Je viens d’achever mes visites de 44 lieux-dits répartis dans 14 communes littorales, y compris une île, afin d’évaluer les incidences environnementales d’éventuelles constructions additionnelles dans les fameuses « dents creuses », qu’une modification à la loi littoral permet désormais de « boucher ». Comme indiqué précédemment, j’ai choisi d’ajouter aux critères habituels d’évaluation environnementale :

– le thème des conditions de vie pour des populations spécifiques – c’est à dire, pour l’essentiel, les enfants, les jeunes, les personnes âgées et les personnes ayant des difficultés à se déplacer.

– le thème des conditions d’accès aux espaces verts et espaces naturels (j’attends d’ailleurs avec intérêt l’avis de la MRAE (mission régionale d’autorité environnementale) là-dessus car, comme nous l’avons vu antérieurement, l’idée de permettre l’accès du public aux espaces naturels n’a pas l’air de leur plaire).

A l’usage, et ayant fini de remplir ma « grille d’analyse multicritères », je trouve ces critères très utiles pour sélectionner les sites acceptables ou non dans la perspective d’ouvertures à l’urbanisation, car les autres critères sont en général peu sélectifs. La sensibilité écologique ou paysagère est en général faible dans des agglomérats urbanisés souvent très artificialisés par des lotissements sans âme ou du mitage, il y a de l’assainissement collectif à peu près partout, peu de problèmes d’exposition à des pollutions ou des risques… En revanche, les conditions d’accès aux espaces verts (plus précisément à des espaces verts ou naturels publics à distance de marche) sont extrêmement variables.
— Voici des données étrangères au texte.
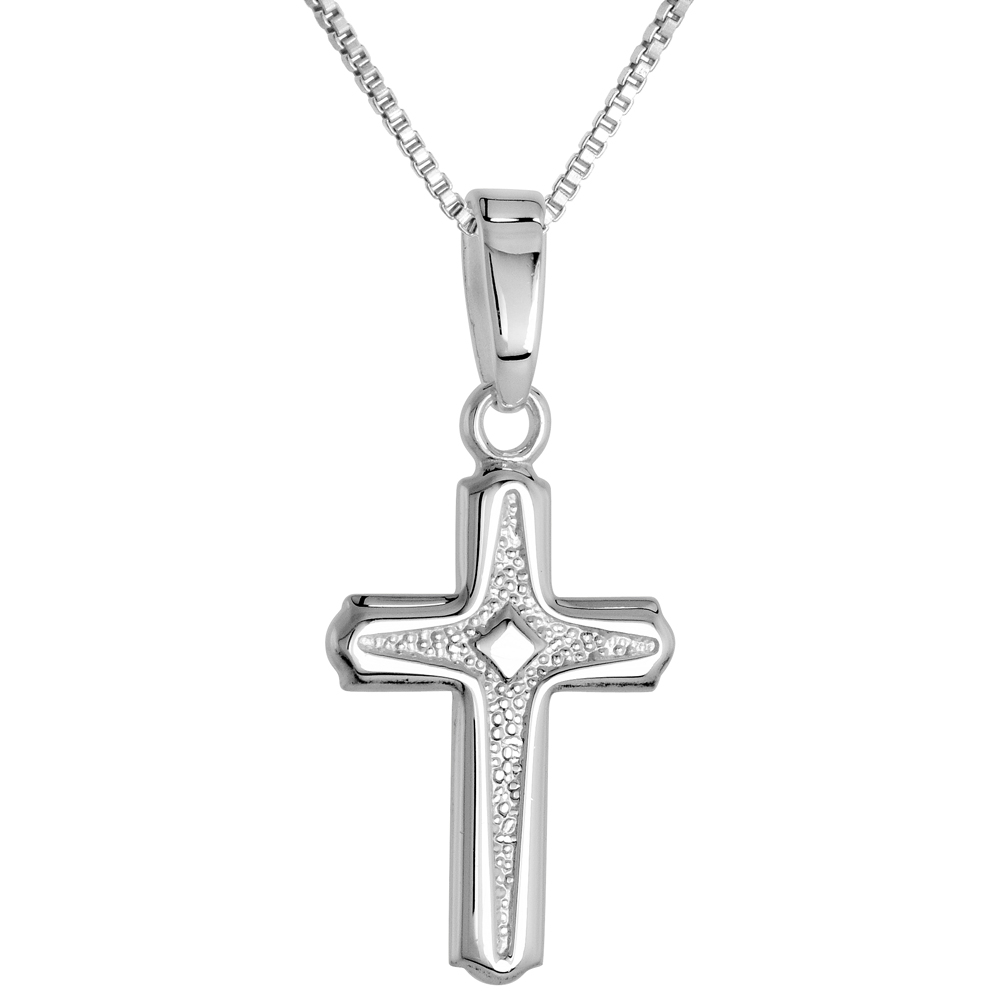 Sterling Silver Dainty Cross Pendant Voided Solid Back High Polished, 1/2 inch wide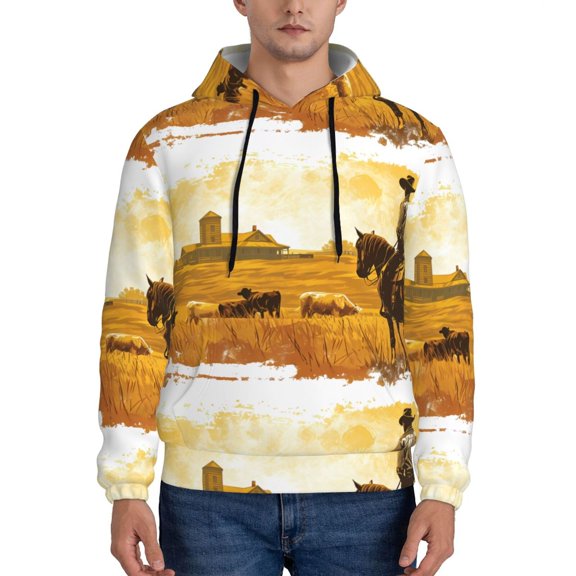 Picia Western Cowboy Ranch Pattern Casual Men's Hoodie - Lightweight Hooded Sweatshirt with Kangaroo Pocket, Comfortable Pullover for Everyday, Travel-Large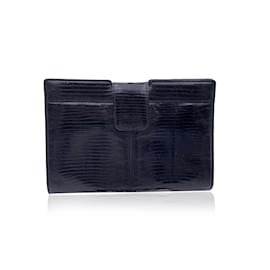 Yves Saint Laurent-Vintage Black Leather Clutch Pochette Handbag-Black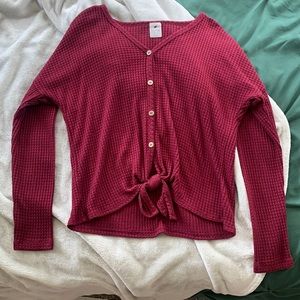 Burgundy woven sweater/top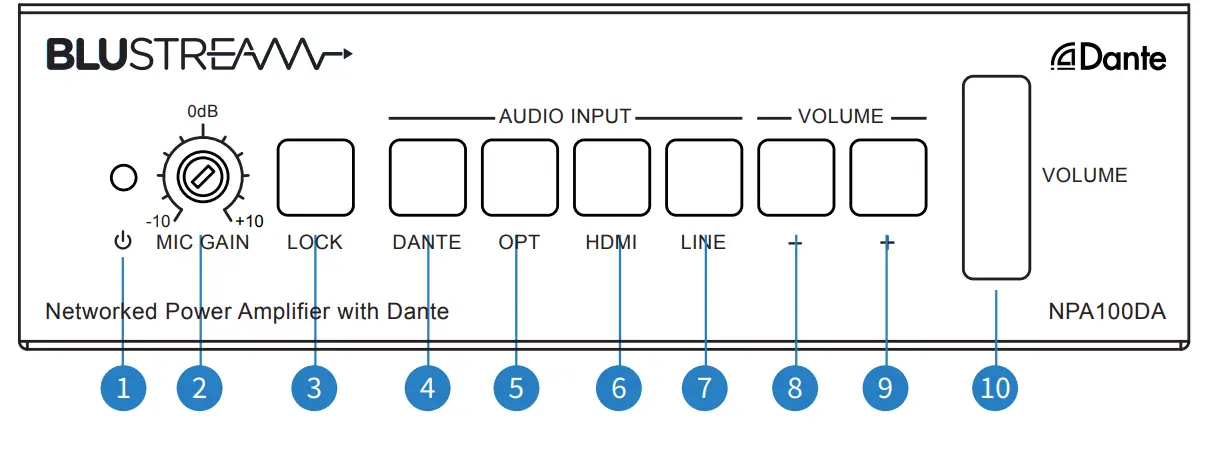 BLUSTREAM NPA100DA Networked Power Amplifier with Dante - Speakers 5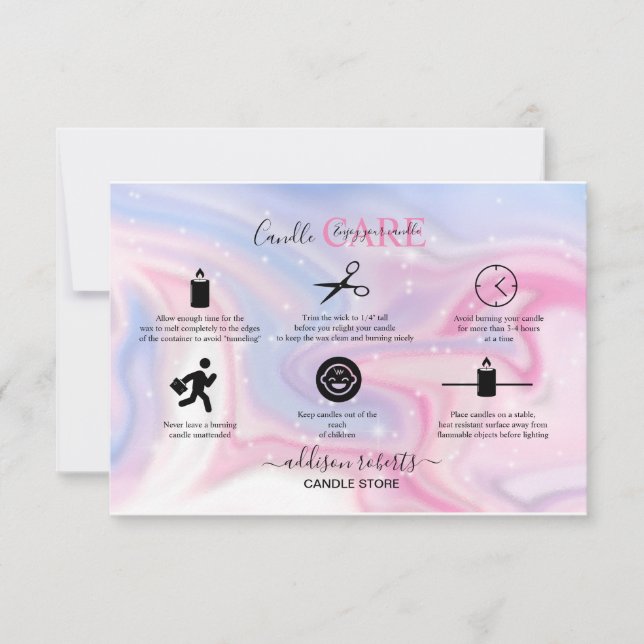 Tarjeta De Agradecimiento Cuidado de las Velas Estéticas Rosa (Anverso)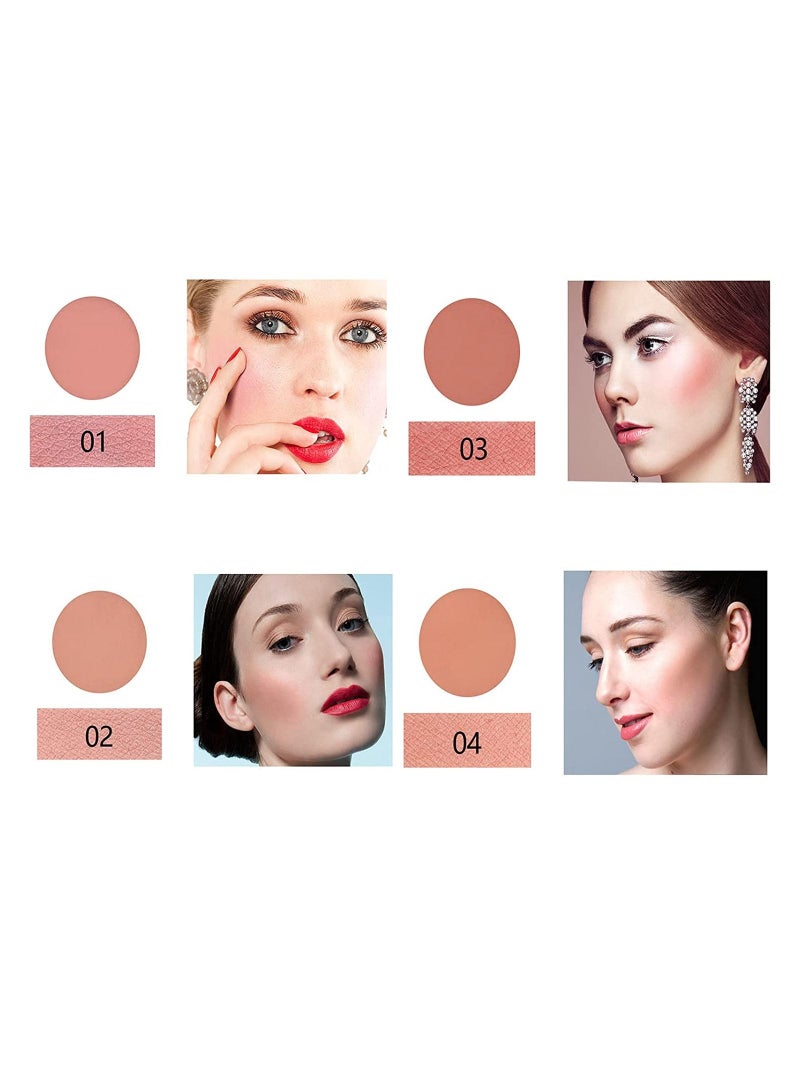 SYOSI Blush Palette, Makeup 8 Color Contour and Highlight Blush Palette Matte Blush Powder Bright Shimmer Face Cosmetics Blusher Light Face Blush Palette with Blush Brush - Image 5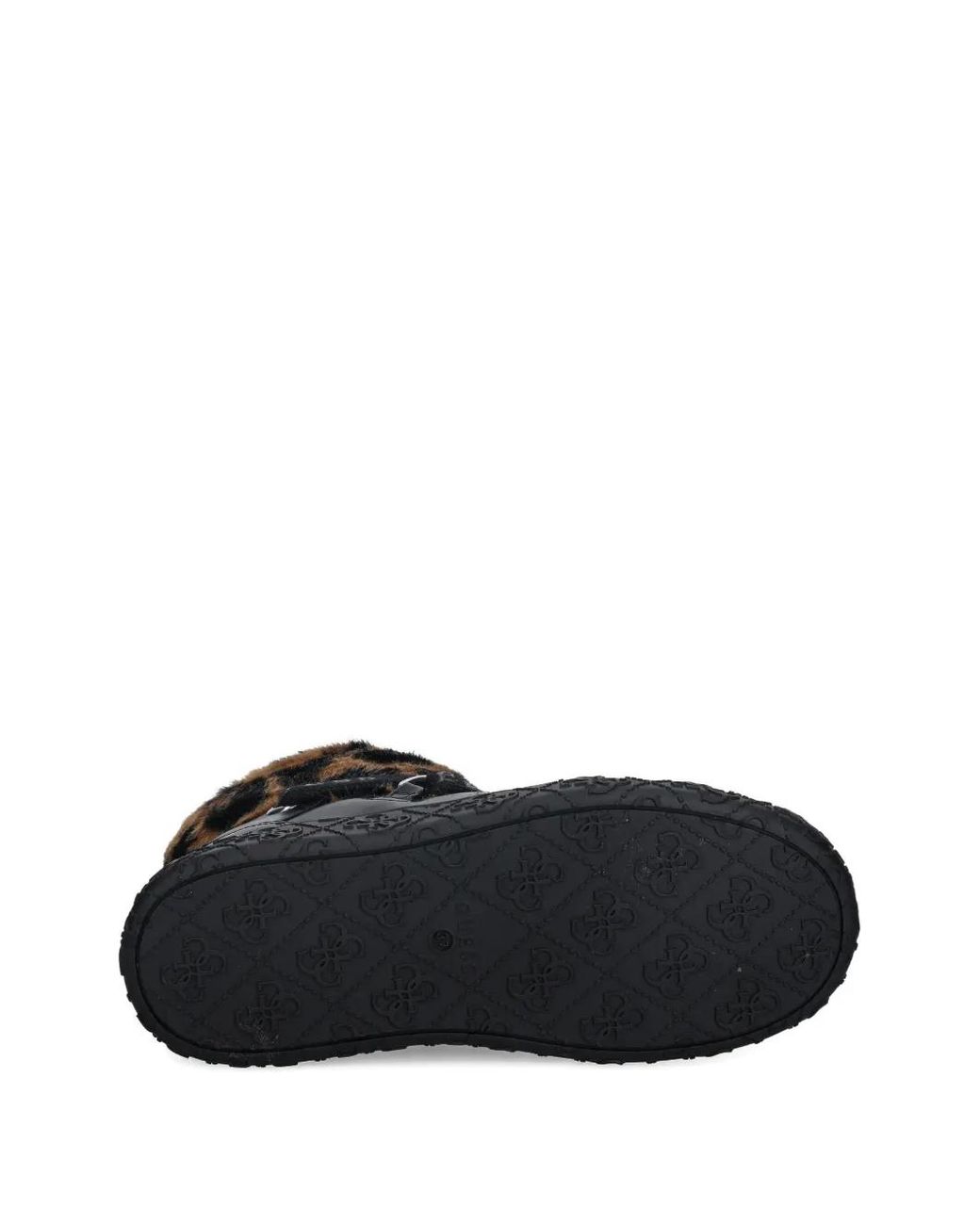 Guess Black Unessa Faux-Fur Trim Ankle Boots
Certains lieux-dits (11) offrent des conditions satisfaisantes voire excellentes, qui peuvent permettre de compenser plus ou moins, dans la perspective d’une évaluation globale de la qualité de vie, des problèmes d’éloignement par rapport aux équipements et services. A l’inverse, d’autres (13) n’ont rien d’autre à proposer en matière de « vie au vert » que l’isolement au milieu des champs, imposant l’usage de la voiture pour aller se bouger et prendre l’air. Dans ce genre de cas, on peut fortement douter qu’il y ait un intérêt général à urbaniser.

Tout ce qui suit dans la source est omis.